In classical Athens, the first well known democracy in the West, most offices were decided by lot.
If you wanted to “run,” you threw your name into the equivalent of a hat, and crossed your fingers.
When someone’s lot was picked, they got to be General Secretary, Archon of the Year, Supreme Court Justice, or whatever it was. If not, you can always try again next year.
Citizens observed keenly the way an ambitious man dealt with losing. Did he smile and shrug? Congratulate the winner? “Better luck next year!”
Did he complain? “Unbelievable. Democracy promotes incompetents!” Did he claim he saw “lottery fraud?”

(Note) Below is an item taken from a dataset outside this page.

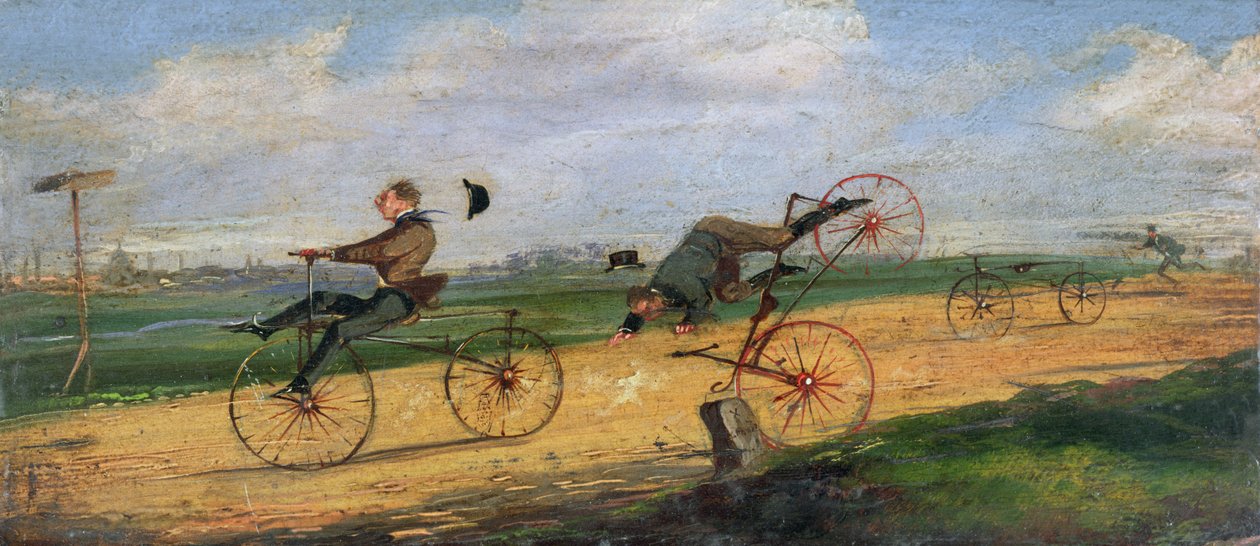 Een race tussen Lallement Velocipedes, 1869 door Samuel Henry Alken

The Athenians would take note. It was a way to predict how someone would conduct himself when he did finally win an office.
As Plutarch says:
He who fails to draw a lot must bear his fortune without taking offense. For those who cannot do this would be unable to sensibly and soberly abide good fortune either.
This is also useful observation for people who aren’t running (or raffling) for office.
Plutarch actually brings in this example in a long Letter of Consolation to Apollonius.
His friend, Apollonius, has just lost a son. What fortune could be worse?
But this was his lot. It was up to him to bear his misfortune with dignity, and with virtue. According to Plutarch, grief is perhaps the most destructive of all emotions.
Grief can literally produce insanity, as one of the poets observed.
But Plutarch’s point with this example, for his friend and for us, is this:
The way you respond to bad luck is an indicator of how you will respond to good luck, which can be just as destabilizing.
Misfortune gives us a chance to “buy the dip” as they say in trading. And so, when good times return, we enjoy more upside.